[Opening Stored data section]

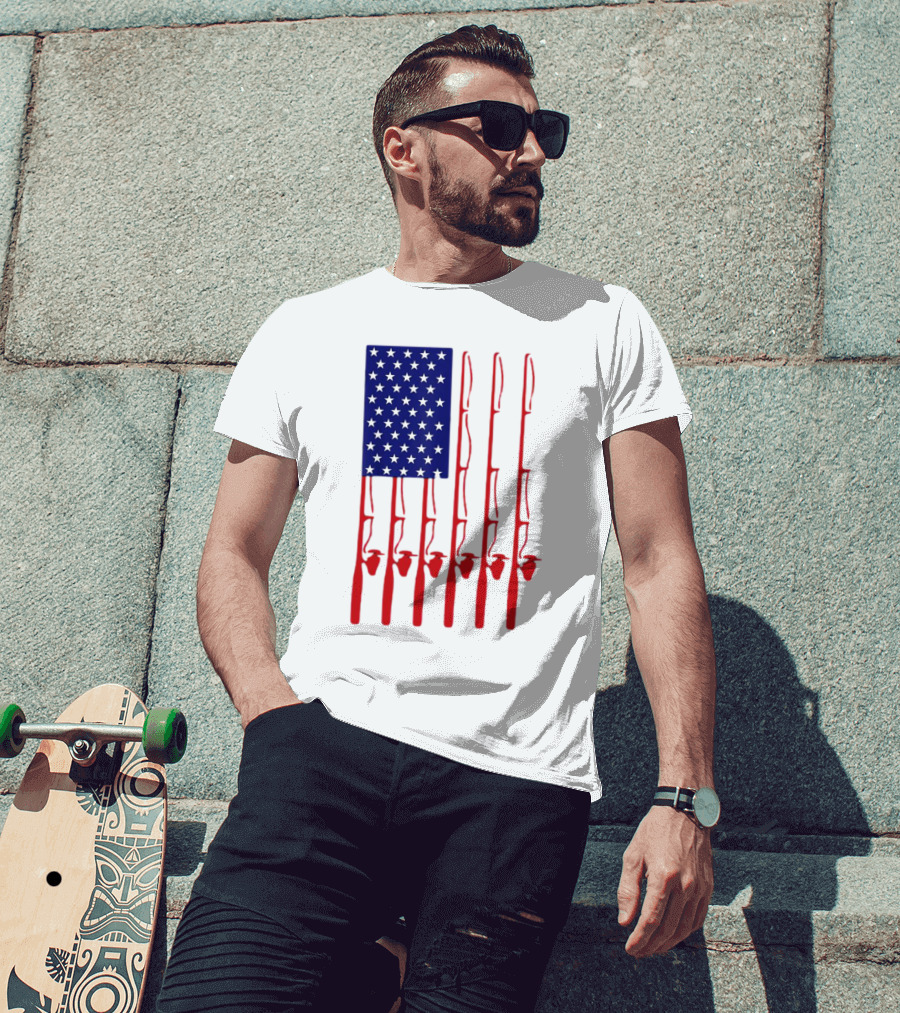 Fathers Day Fishing American Flag T-Shirt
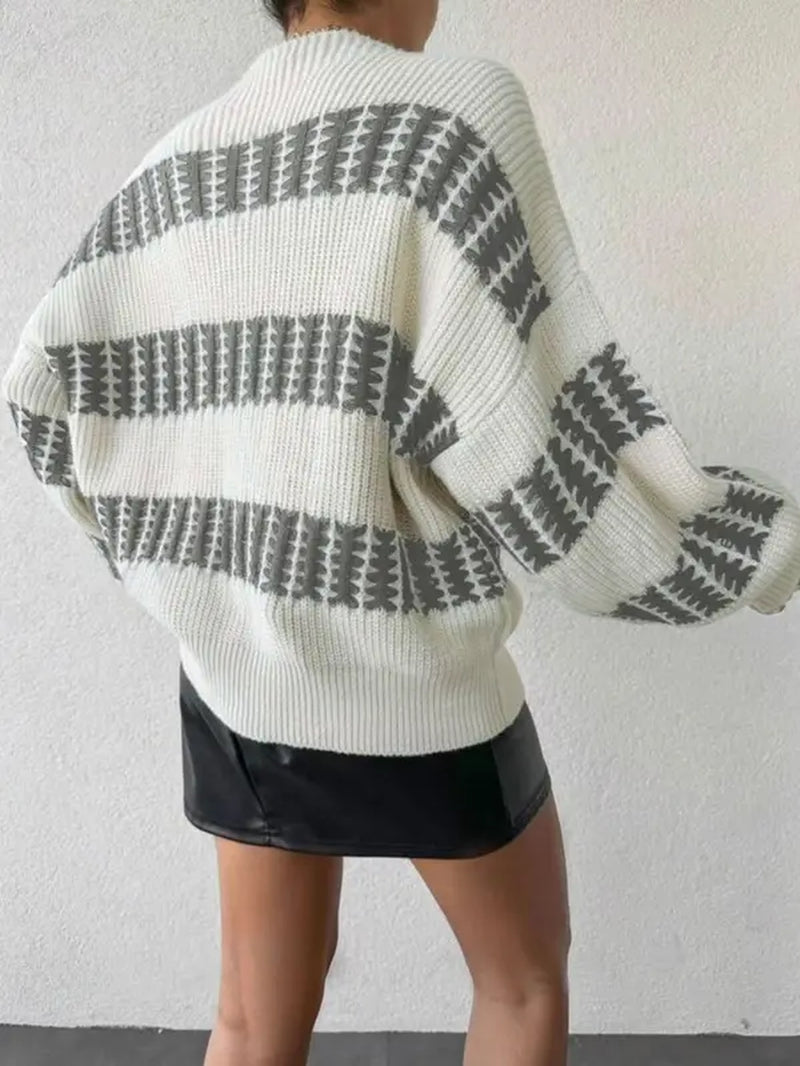 Colorblock Striped Drop Shoulder Sweater for Women, Long Sleeve Round Neck Jumper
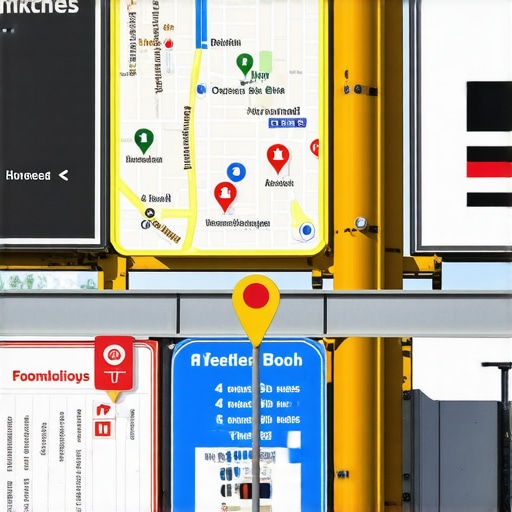 A vibrant city intersection with digital map pins and business signs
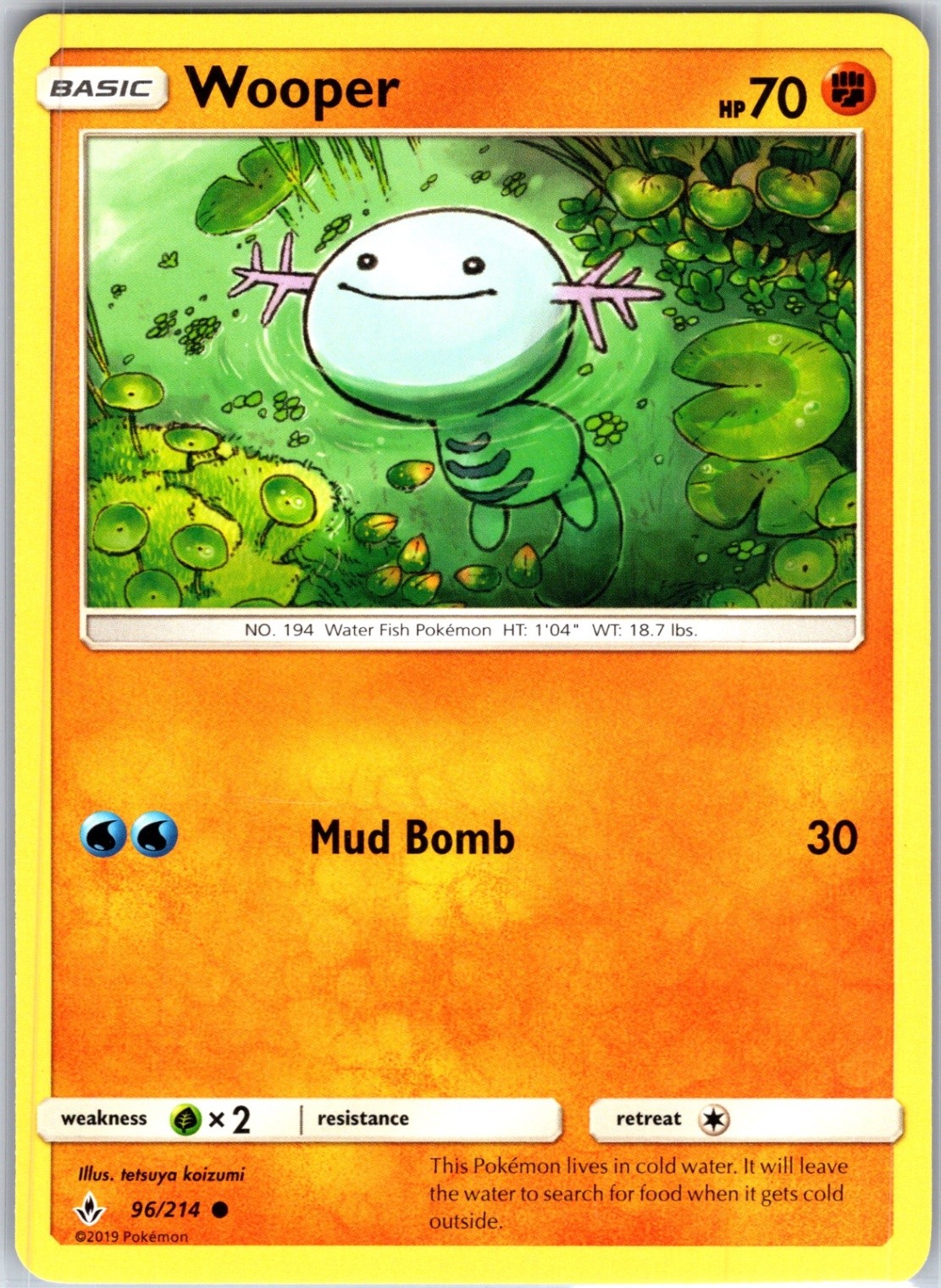 Wooper 96/214 Common Regular Card SM - Unbroken Bonds Pokemon TCG LP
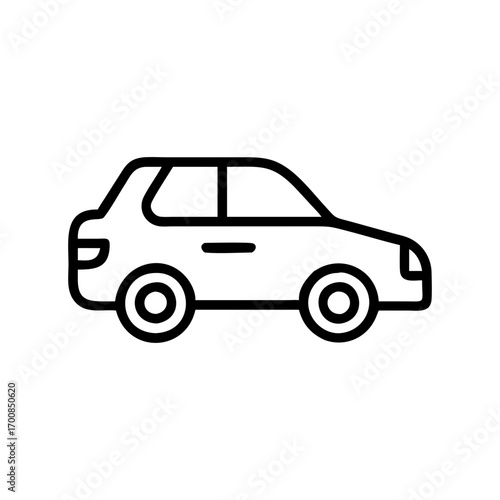 Find a simple car icon vector graphic for automotive design and transportation projects online now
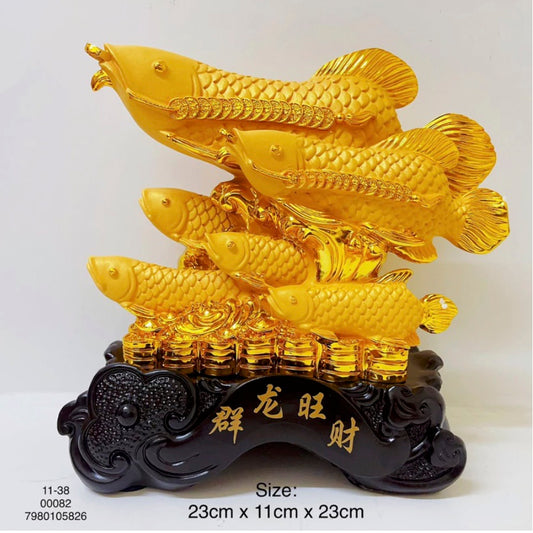 Fengshui 6 Golden Arowana Family on Bed of Wealth Full of Lucky Coin Ingot Money Bar Figurine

[Closing Stored data section]

Task instructions:
Please output exactly the lines of the data above, from its first line through the line with "Wooper 96/214 Common", and nothing else; drop the pictures.

Result for this exercise:
 Fathers Day Fishing American Flag T-Shirt
 Colorblock Striped Drop Shoulder Sweater for Women, Long Sleeve Round Neck Jumper
 A vibrant city intersection with digital map pins and business signs
 Wooper 96/214 Common Regular Card SM - Unbroken Bonds Pokemon TCG LP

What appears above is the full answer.